The expression is especially applicable, from a "last four" perspective, to the Springbok rugby side, who boast a pretty straightforward World Cup semi-final record: won two (1995, 2007), lost two (1999, 2015).

But if they get past Wales in Yokohama on Sunday, to bolster their win percentage in last-four clashes to 60%, Bok fans will take further heart from the fact that the Boks haven't yet lost in the tournament's showpiece.

Here is a recap of the four Springbok RWC semis appearances, from most recent:

2015: South Africa 18 New Zealand 20 (London)

This was an All Black side (defending RWC champs from 2011 on own soil) probably as good as any in their history, led by Richie McCaw and also still featuring one Dan Carter at flyhalf.

Against that backdrop, a Bok team back on a four-game winning roll after the massive Brighton upset at the hands of Japan made a commendable fist of the chilly, sometimes rain-lashed semi at packed Twickenham: the first World Cup meeting between the great rivals since the 2003 event.

Yet NZ's slight mastery overall of an uncompromising duel could not be disputed, especially as they notched the only two tries via Jerome Kaino and Beauden Barrett.

The Boks did hold the aces 12-7 at the break, and were never out of reach on the scoreboard primarily because of the clockwork efficiency of Handre Pollard (and later Pat Lambie) off the penalty tee.

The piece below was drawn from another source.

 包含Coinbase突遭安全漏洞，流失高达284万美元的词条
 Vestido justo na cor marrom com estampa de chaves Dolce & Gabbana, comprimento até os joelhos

Come the final whistle, though, and they couldn't exactly be said to have been hammering at the consummately composed All Blacks' line; they'd have had to have gone an unlikely "coast to coast" to score.

It would be the final Test match for acting captain and legendary scrumhalf Fourie du Preez, who wasn't fit enough for the successful bronze playoff against the Pumas.

2007: South Africa 37 Argentina 13 (Paris)

Neither side played with special polish in a sometimes tetchy affair, marked by the Boks earning early (Fourie du Preez) and late (Bryan Habana, his second) intercept tries that knocked the stuffing from the underdogs who did boss some periods of play.

But the Boks had enough cool-headed individuals in their midst to ensure a comfortable enough journey into the showpiece against England, recording four dot-downs to one against the Pumas.

They had, after all, had the kitchen sink thrown at them in the earlier quarter-final by Fiji, but eventually repelled the Pacific Islanders as well.

That there was plentiful daylight in points between the two teams, at the final whistle, was quite strongly down to experienced fullback Percy Montgomery having a faultless day with his place-kicking: 7/7, including all four conversions and three penalties.

1999: South Africa 21 Australia 27 (London)

Just a week onward from the "Jannie de Beer match" - when the flyhalf had nailed an unprecedented five dropped goals against England - another battle of the boot took shape.

But, at least for the lion’s share of a typically tight semi-final, this one was largely about accuracy off the tee, where both Matt Burke (the Wallabies' fullback) and De Beer excelled.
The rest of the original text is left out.